You'll note that we spent over a week in just 3 counties: Cork, Kerry, & Clare, a geographic region of about 200 x 200 miles. That tells you something about the beauty of the region, yes, but it also tells you something about Irish roads. Or, I should say, "roads". To their credit, the Irish are trying to do something about it, but all it really seemed to amount to was road construction & traffic slow-downs everywhere we went. We ultimately came up with this understanding of Irish maps: a dirt road makes it onto the map; if there's asphalt, it's marked a secondary road, if there's lines on the asphalt, it's shown as a highway.

Other observations:

  • The days are extraordinarily short; light at about 7:30 am & dark by 4:30 pm. I guess we're substantially further north than SF.
  • In the hardware stores, they sell moss killer right next to the Round-up. Moss grows everywhere -- roofs, gutters, all sides of a tree (not just the north), on top of signs, you name it.
  • The Irish burn a lot of fires; even in the hotels, every lobby had a fire going. They seem to use exclusively coal & peat, neither of which I'd ever seen before. The peat is cool -- very light weight, but solid; it looks like a handmade brick of dirt. Coal, unfortunately, smells like trash burning with a hint of fresh asphalt - ugh.
  • I must get Mom a recipe for brown soda bread; it's served at every meal and is delicious. Peculiarly, it is never toasted. It's served as part of the traditional artery-clogging Irish breakfast of fried eggs, fried bacon (our ham), fried sausage, fried meat puddings, fried tomatoes, fried mushrooms and buttered white & wheat toast, but the brown bread is never toasted. I bet it's awesome toasted.
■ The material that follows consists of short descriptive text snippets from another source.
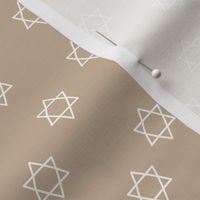 Little minimalist star of David - Jewish icon in freehand israel symbol style white on tan beige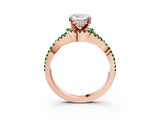Rose gold Cushion Cut Diamond with Emerald side stone Halo Twist Band Solitaire Prong Setting Ring_27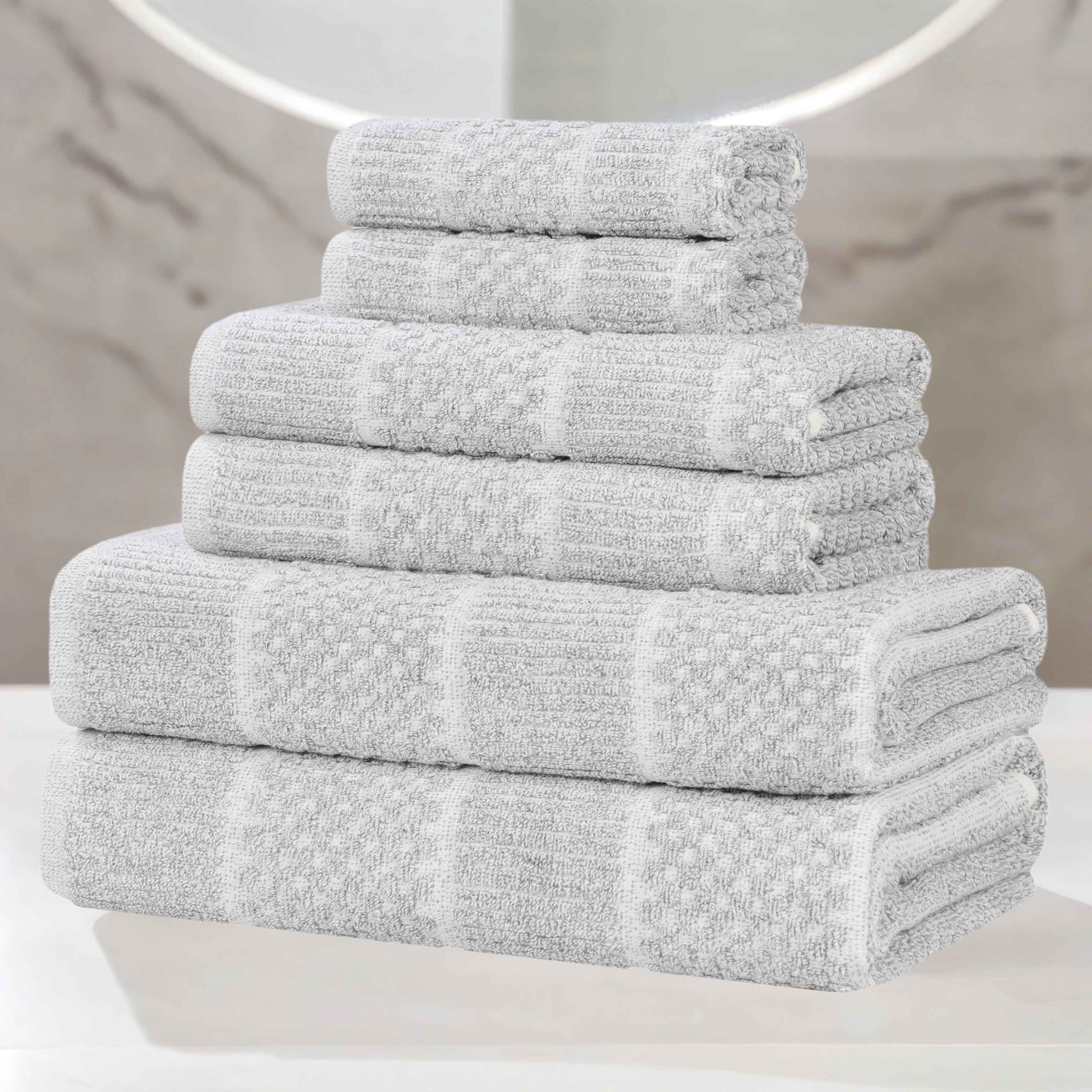 Naples Cotton Blend Textured Checkered and Ribbed 6 Piece Towel Set - Towel Set by Superior Brand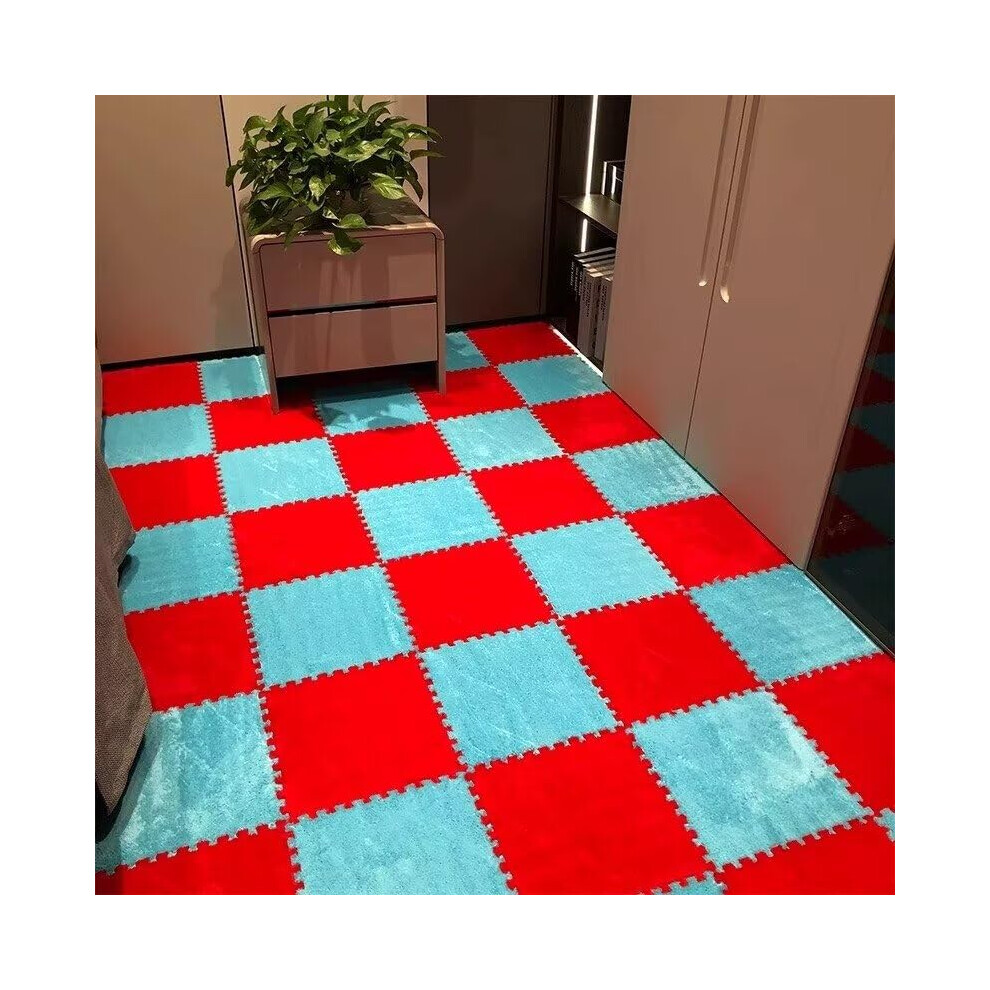 20Pcs Soft Plush Foam Puzzle Floor Mat 11.8X11.8in Interlocking Carpet Tiles For Kids Playroom Red/Blue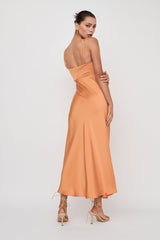 Missoula Cami Strap Padded Bust Midi Dress Orange
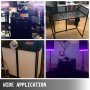 VEVOR DJ-geveltafel 51 x 101,5 x 115 cm, vlak DJ-bureautafelblad 51 x 115 cm, DJ-evenementgevel met wit en zwart gaas, opklapbaar DJ-bureau metalen frame, opvouwbare afdekparaplu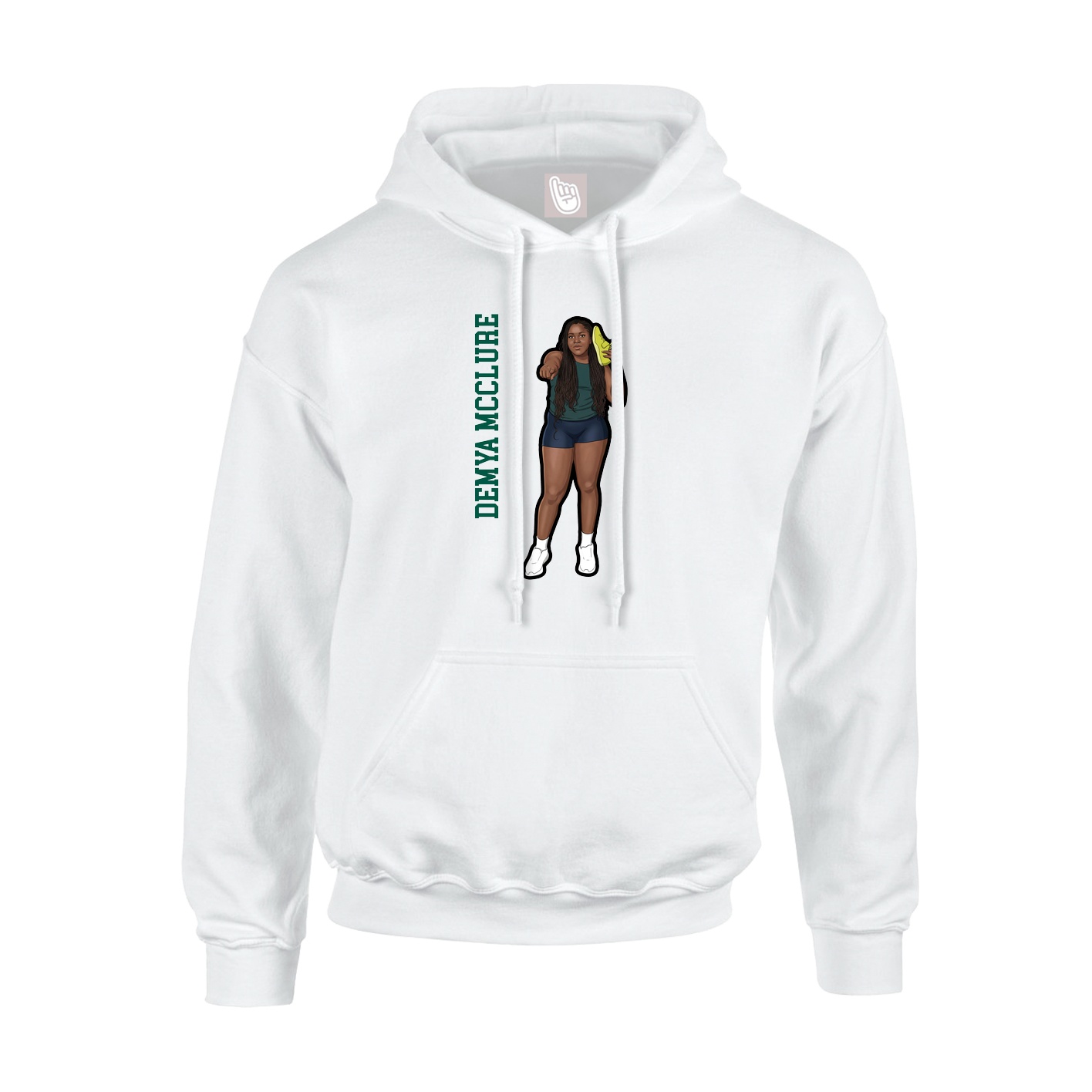 Youth Hoodie — Name Vertical in White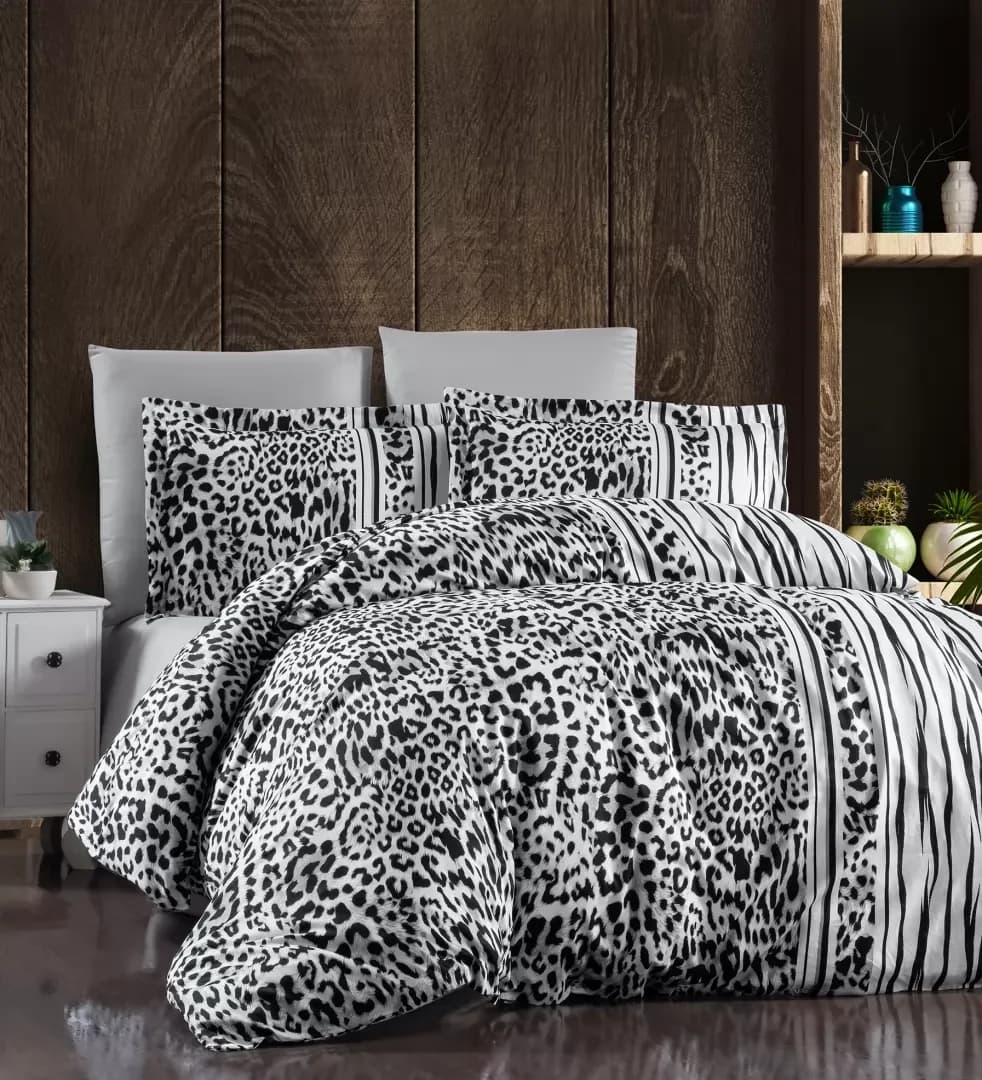 Постільна білизна сатин Leopard Black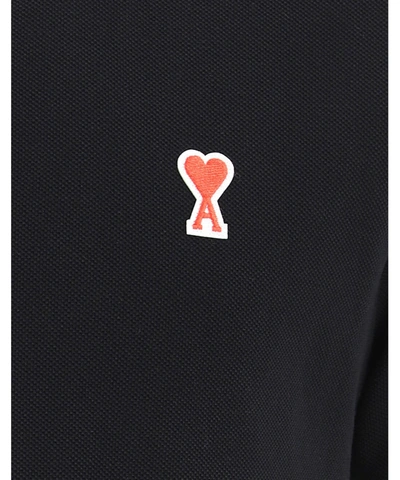Shop Ami Alexandre Mattiussi "ami De Coeur" Polo Shirt In Black  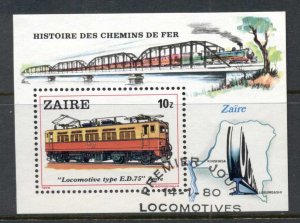 Zaire 1980 Trains MS FU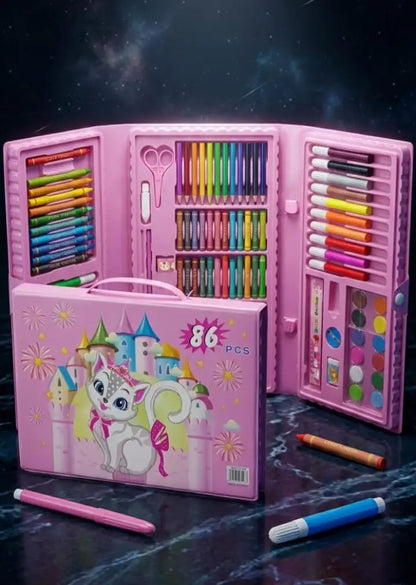 86-Piece Kids Colouring Art Set with Portable Storage Box, Drawing and Coloring Kit for School, DIY Crafts, Beginners and Young Artists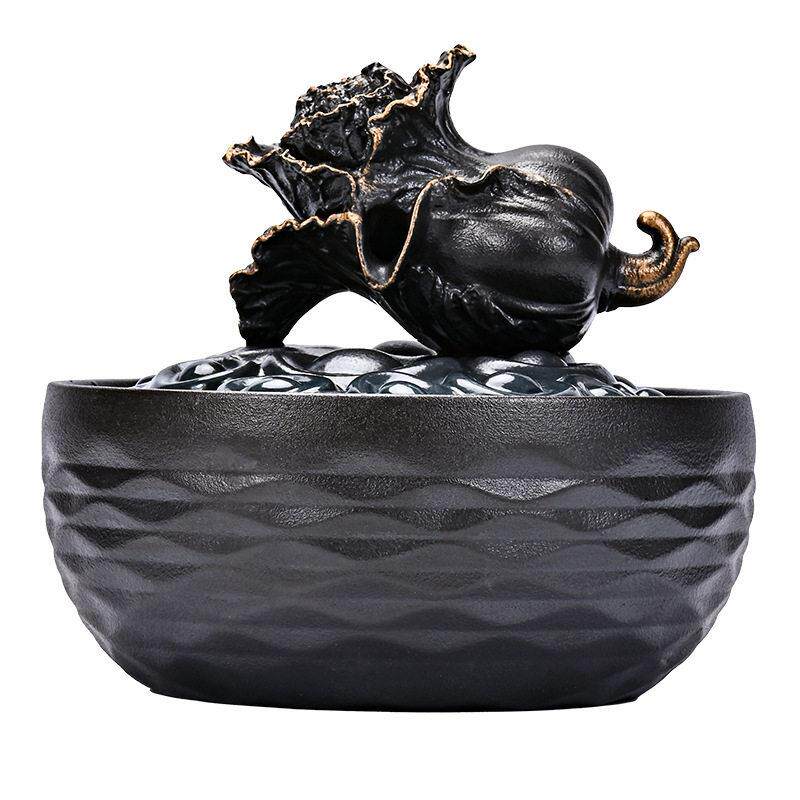 陶瓷流水摆件循环水公桌茶台招财开业装饰品中式喷泉百财流水器
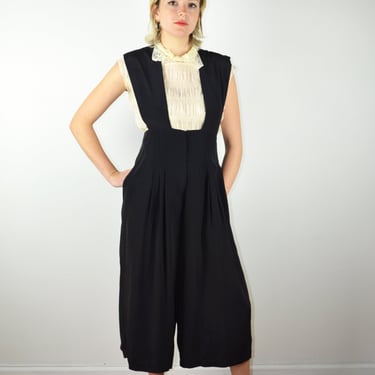 Vintage 90s Y2K Jumpsuit / Pinafore Palazzo Wide Cropped Pants / 1990s Black Jumpsuit / Sleeveless Suspenders / XS Small / Hollywood Waist 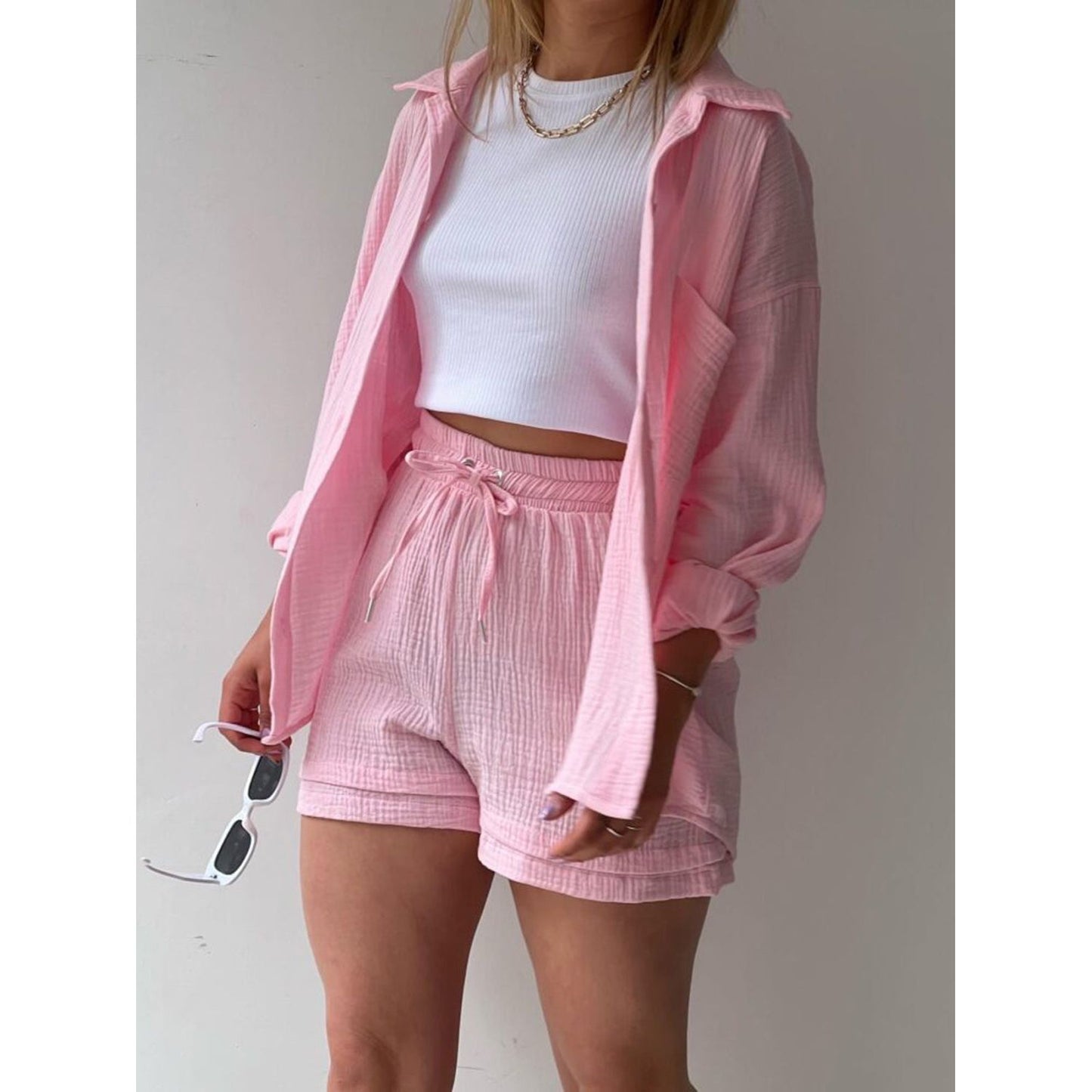 Texture Button Up Shirt and Drawstring Shorts Set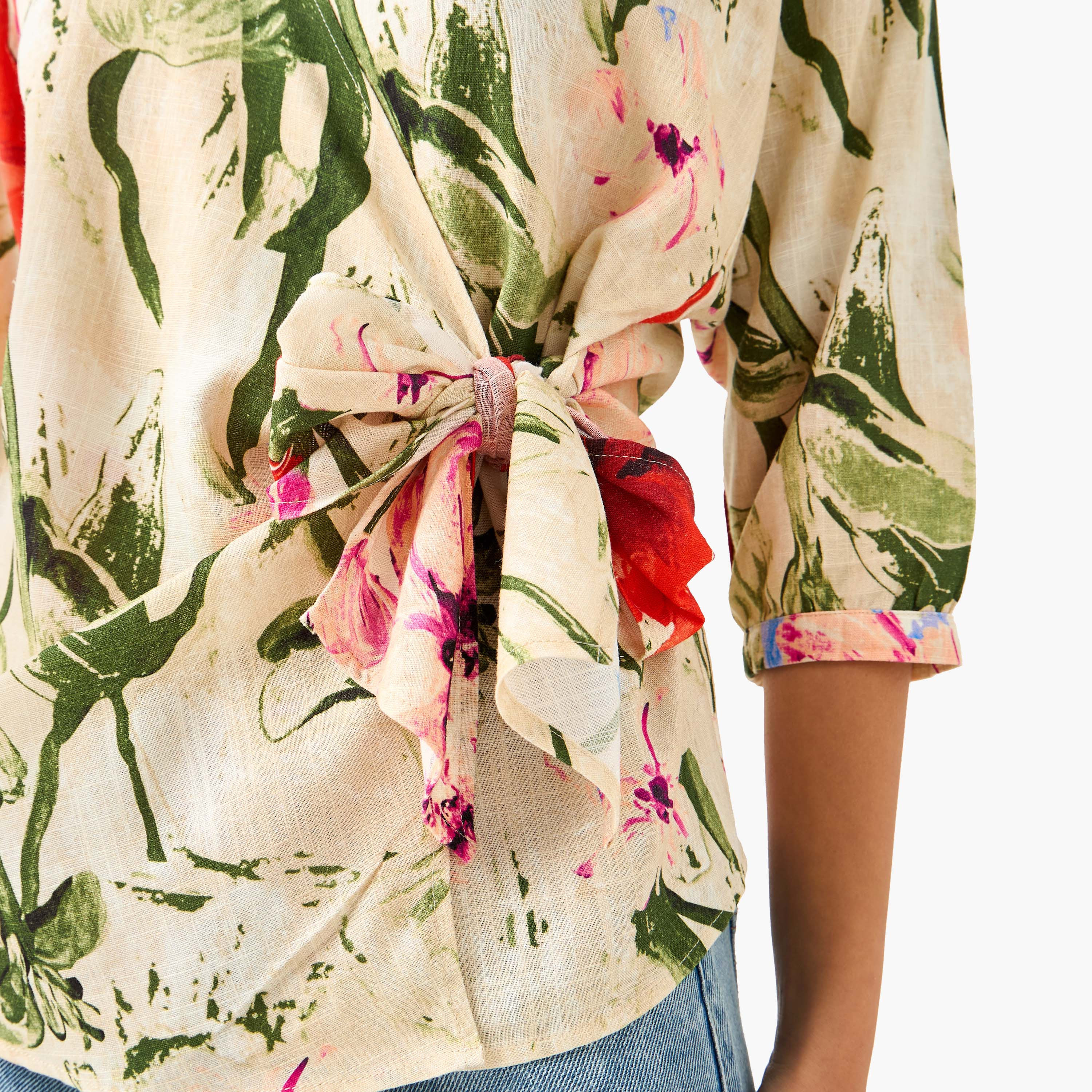 Iconic Floral Print Wrap Linen Blend Top with Tie-Up-women-clothing-shirtsandblouses-blouses-image-4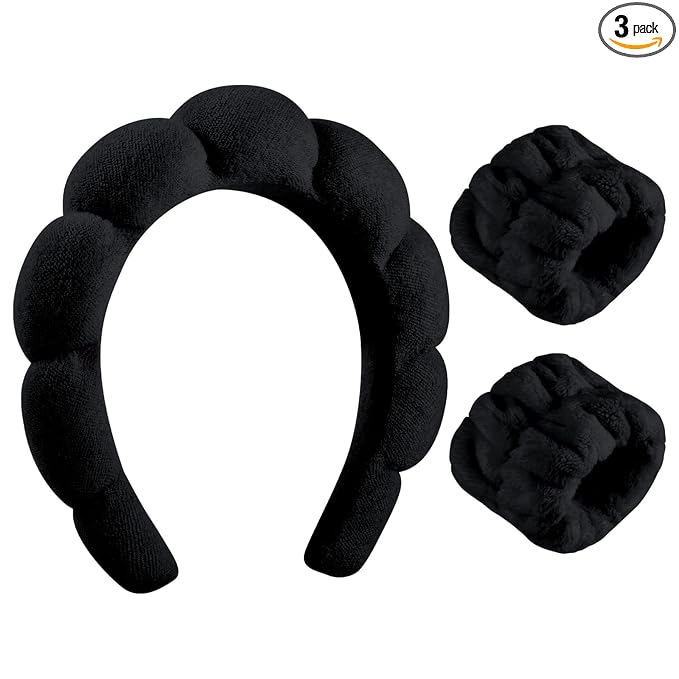 WSICSE Spa Headband for Washing Face, Skincare Headbands Puffy Padded Keep Hair Dry Skincare Essential Gift for Mom Wife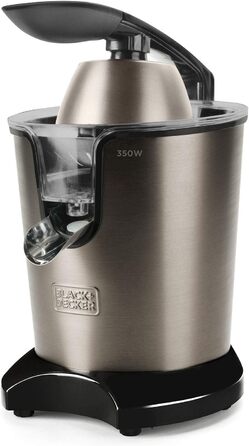 Електрична цитрусова соковижималка BLACK+DECKER BXCJ350E, 350 Вт, професійний мотор, нержавіюча сталь, регулювання м'якоті, 2 насадки, 650 мл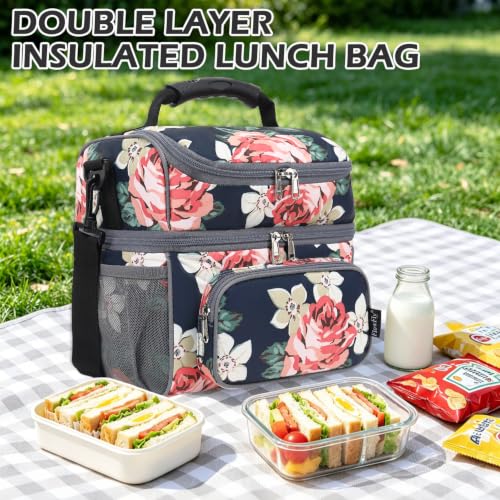 Double Layer Cooler Insulated Lunch Bag Adult Lunch Box Large Tote Bag for Men (Peony)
  • We saw very few dogs, and those we did seemed to roam free even in the cities, which was quite unnerving.
  • With prosperity comes construction, and there are buildings going up everywhere. Sadly, they seem to be quite fond of plunking down developments of ugly, boxy homes -- identical right down to the paint -- in the middle of a serene spread of fields. The result is that there are these expensive (but ugly) looking homes right next to a herd of cows. None of the homes are clapboard; they seem to be stucco in either beige or soft yellow. I don't know if they're built of stone or concrete or what.
  • Irish drivers are very courteous, unhurried drivers, forgiving to a fault, and quite a pleasure to share the road with. Except for tailgaters. They'll stop traffic in 2 directions in order to let some poor slob complete an 18-point parallel parking job, but god forbid you're doing the speed limit on a 2-lane road with limited visibility. Gotta pass gotta pass gotta pass!